**TASK:** Each record below needs to be reproduced precisely, though not its pictures.

──────────

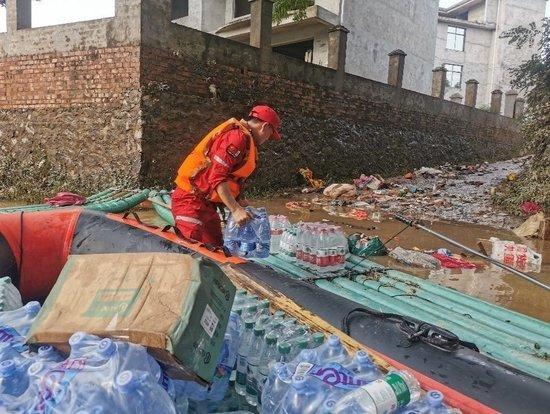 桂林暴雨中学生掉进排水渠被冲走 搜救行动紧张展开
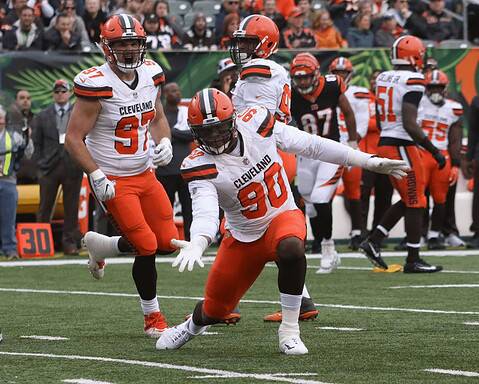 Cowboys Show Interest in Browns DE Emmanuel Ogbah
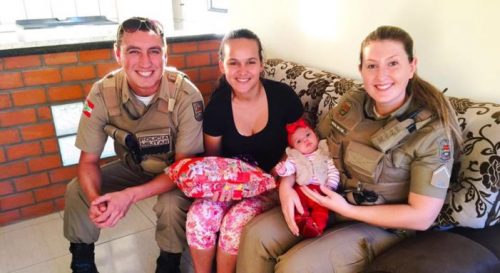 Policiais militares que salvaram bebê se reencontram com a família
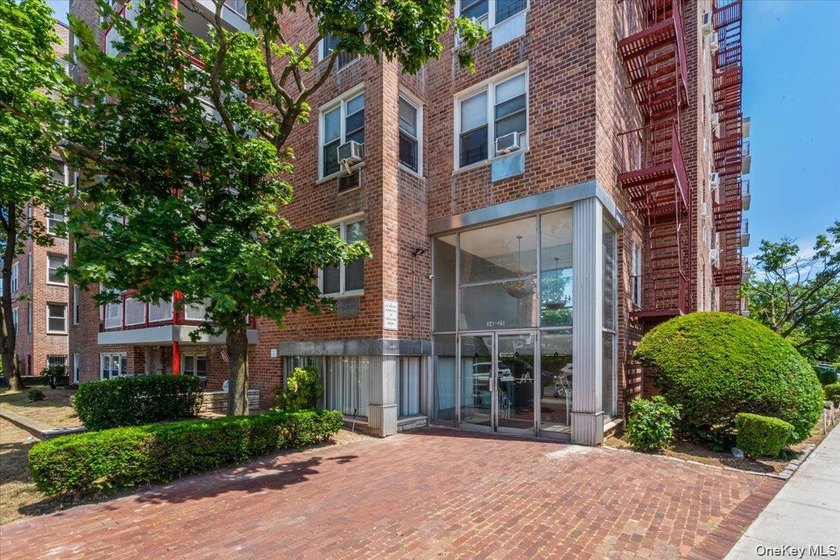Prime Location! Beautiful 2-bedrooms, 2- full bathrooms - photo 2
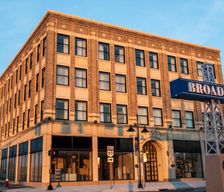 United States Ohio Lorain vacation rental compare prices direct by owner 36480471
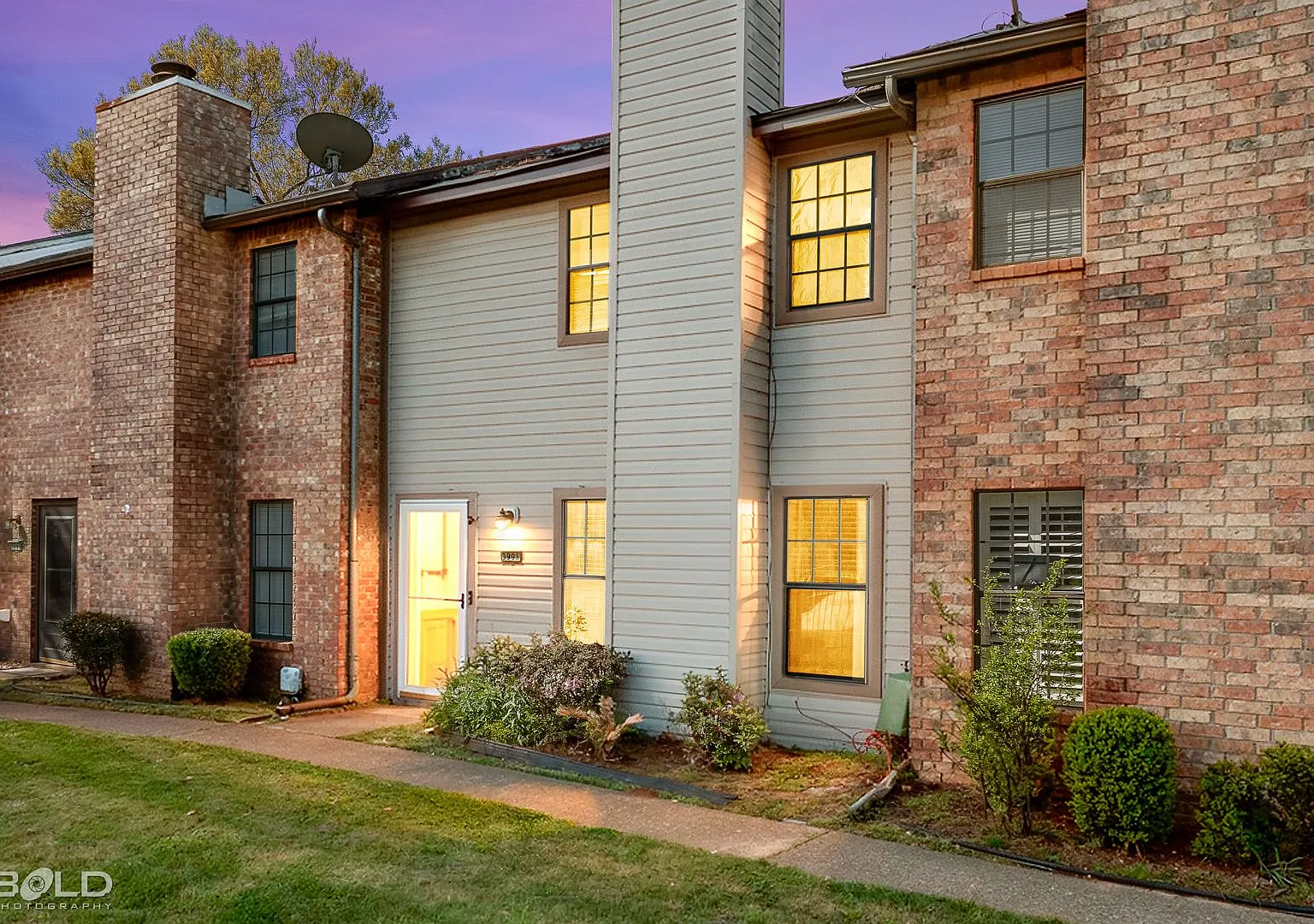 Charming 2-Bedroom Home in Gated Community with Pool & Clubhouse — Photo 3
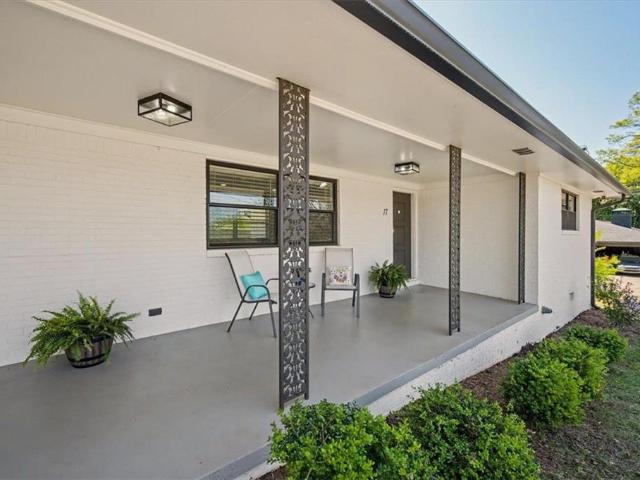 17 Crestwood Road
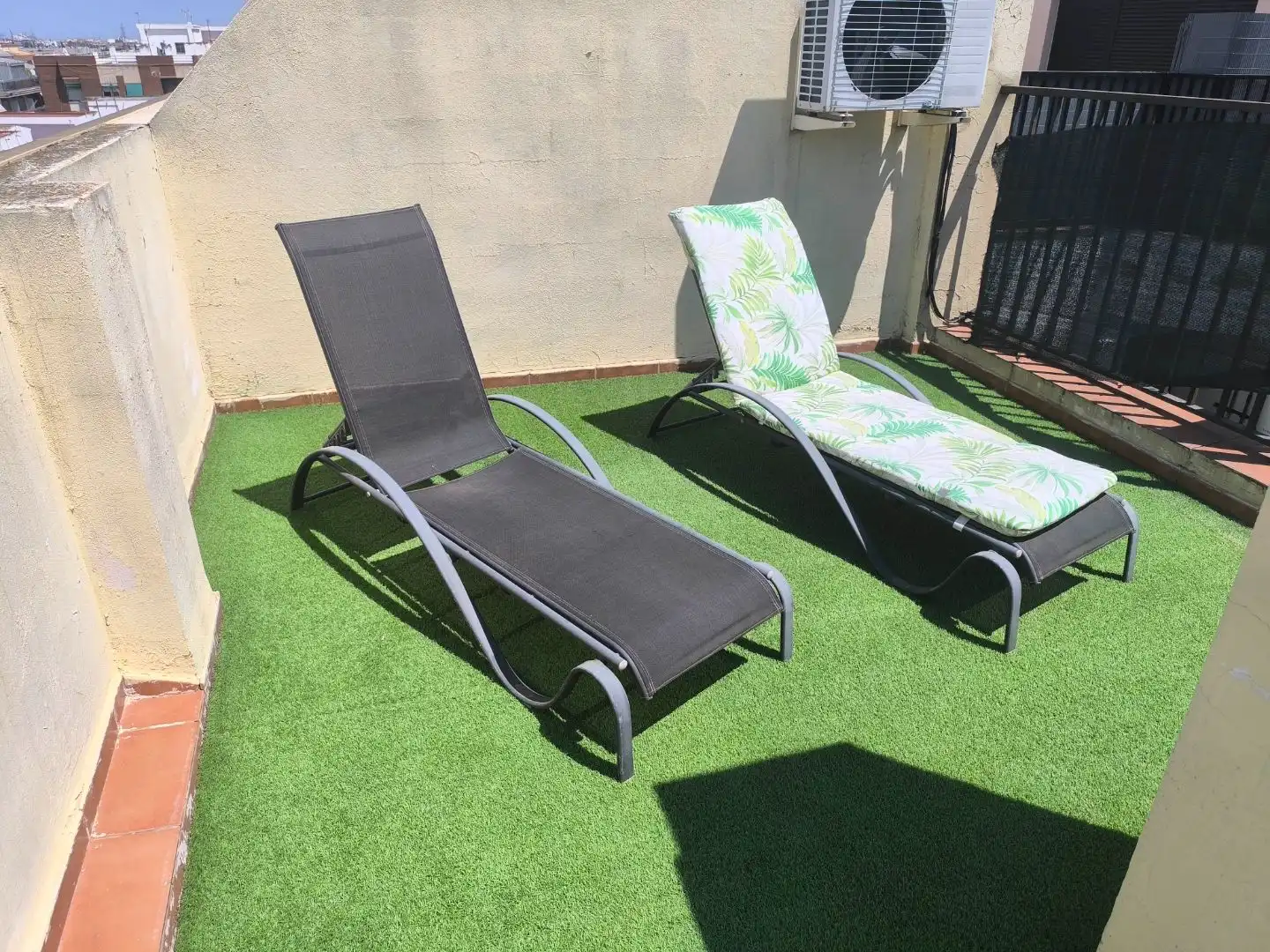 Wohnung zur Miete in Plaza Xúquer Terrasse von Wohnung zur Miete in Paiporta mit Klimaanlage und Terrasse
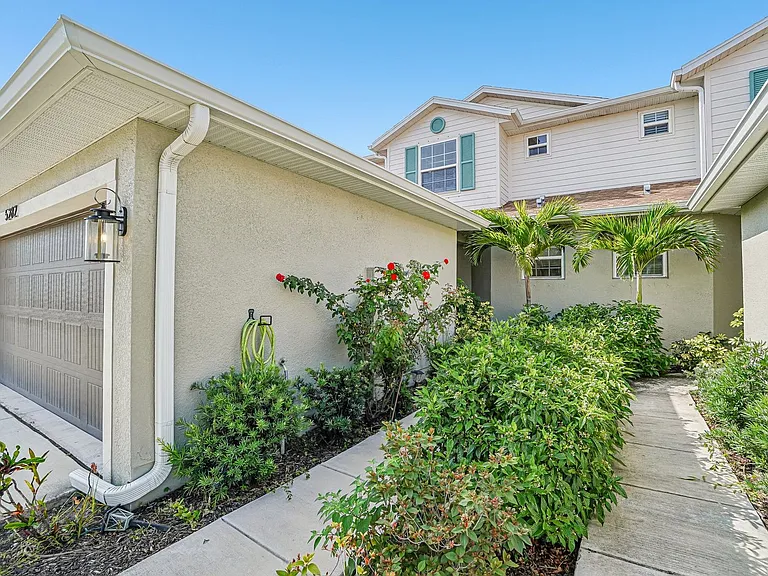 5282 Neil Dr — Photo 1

──────────

**TASK RESULT:**
 桂林暴雨中学生掉进排水渠被冲走 搜救行动紧张展开
 Cowboys Show Interest in Browns DE Emmanuel Ogbah
 Policiais militares que salvaram bebê se reencontram com a família
Prime Location! Beautiful 2-bedrooms, 2- full bathrooms - photo 2
 United States Ohio Lorain vacation rental compare prices direct by owner 36480471
 Charming 2-Bedroom Home in Gated Community with Pool & Clubhouse — Photo 3
 17 Crestwood Road
 Wohnung zur Miete in Plaza Xúquer Terrasse von Wohnung zur Miete in Paiporta mit Klimaanlage und Terrasse
 5282 Neil Dr — Photo 1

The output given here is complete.